Now let's make use of these technologies to create a diagram that illustrates their relationships. We'll first need to create some raw data that describes each technology in a computer-readable format. We know that XML is a good format for computer-readable data; since we are describing something, RDF can be used for the model.

RDF likes us to specify unique URIs, so we'll use the specification document URL for each technology we are describing. In terms of the information that we need to record, basic properties such as title, subject and relationships are required. Luckily, RDF vocabularies already exist for properties such as these, so we won't need to define our own with RDFS. We'll use the Dublin Core RDF vocabularies:

Basic Dublin Core element set (RDF) for title, description, subject and date properties.
Qualified Dublin Core element set (RDF) for specific relationship properties, such as "conforms to" and "has part".

By using conventional, standard RDF vocabularies for our data, other applications that understand Dublin Core RDF can reuse our data at a later date.

Take a look at our RDF data for the technologies. For each technology we've specified title, description, creation date, relationships, and occasionally a subject. The subject property allows us to semantically group some technologies under common concepts, even if there are no specific relationships between them. We'll make use of the subject data in the diagram.
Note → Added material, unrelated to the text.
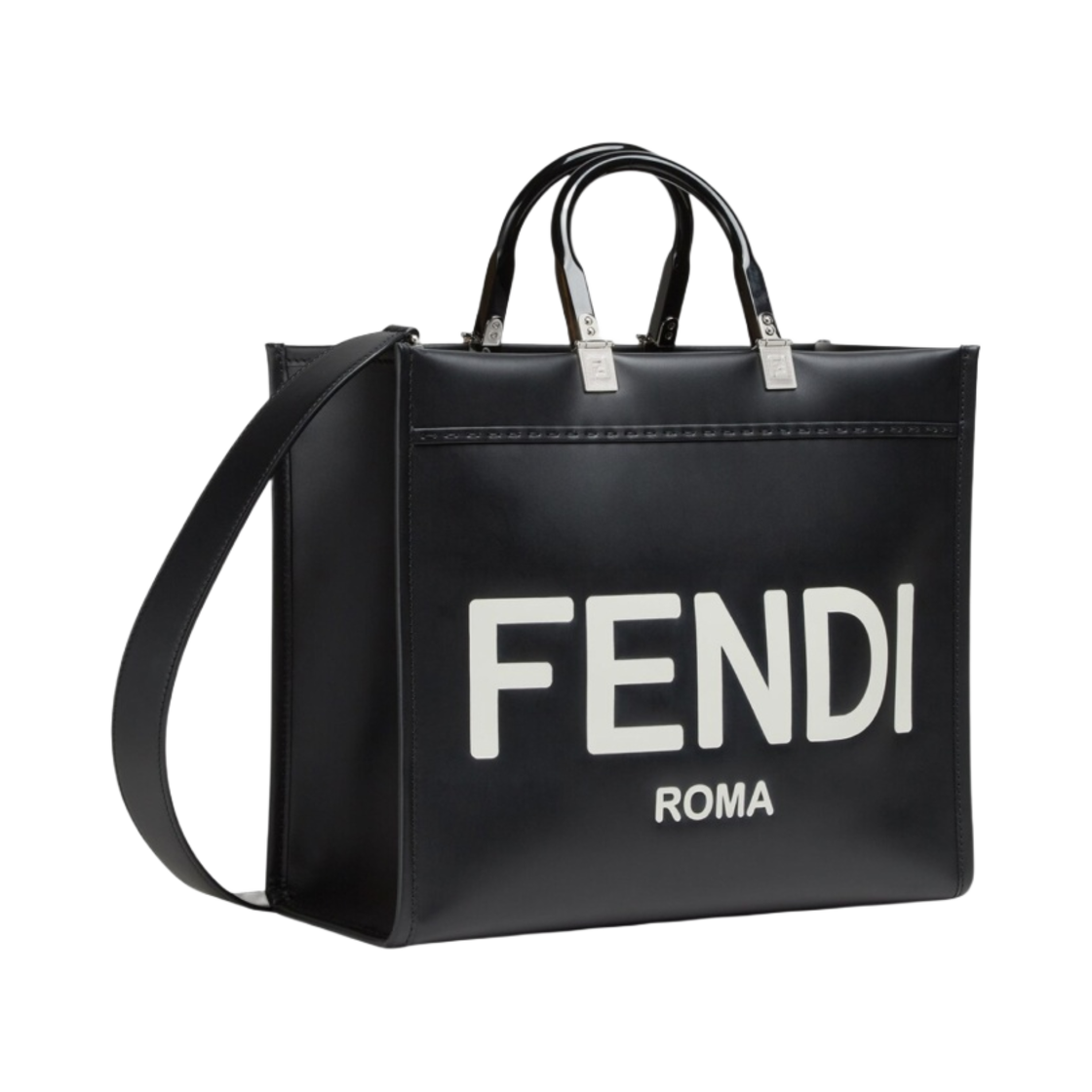 펜디 로마 선샤인 미디움 레더 쇼퍼백 블랙(Fendi Roma Sunshine Medium Leather Shopper Bag Black) - 2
As you may have guessed, we're going to use SVG for the diagram -- thus, the next step is to convert our RDF data into a visual SVG representation.

We'll use XSLT and XPath to transform our RDF data into SVG objects (squares, lines, and text). The specifics of the XSLT aren't important (you can look at the XSLT that converts the RDF into SVG if you're curious.) What is important is to recognize how and why we've used it. The XSLT contains a series of logical steps that convert our input RDF data into a completely different visualization of the same data. Note that this XSLT has been designed specifically for our input data. Given time and proper planning, you could develop XSLT templates that transform any set of RDF statements into similar visualizations. It is, however, probably better to use an RDF toolkit. XSLT to parse all of the permitted constructs of RDF that you might find in the wild can be extremely complicated.

Diagram of XML technologies, created with SVG

The SVG diagram, output from the XSLT process. Click on image for a full-size version, or view the SVG diagram (may require a plug-in).

SVG currently has limited support in web browsers and image viewers; as a final step we'll embed the diagram into a PDF document to make it available to a larger audience. An additional XSLT file is used to create the XSL-FO for our document, defining and structuring the page and its contents. Within the XSL-FO, the original XSLT for the SVG diagram is called, embedding the SVG code within the XSL-FO page.

The output (XSL-FO plus embedded SVG) is then processed with an XSL-FO processor. We'll use Apache FOP. FOP converts our plain text XSL-FO into a PDF file, rasterizing the SVG into a diagram on the page (using Apache Batik). We finally have our PDF diagram of the XML technologies.

Conclusion

To recap, we used terms from the Dublin Core RDF Schema (which makes use of XML, Namespaces and URIs) to create a RDF description for each technology. These were converted to SVG using XSLT and XPath. We could have validated our XSLT file with XML Schema (using the XSLT schema). The SVG diagram was finally embedded into an Adobe PDF document with XSL-FO, resulting in a printable file that contains a diagram of the technology relationships.

When XML and RDF data become ubiquitous on the Web, the potential for querying and displaying the information will be enormous. The tools and underlying technologies are already in place. All that's needed is a greater understanding of the potential that it offers. The growth of these technologies is limited largely by our reluctance to commit.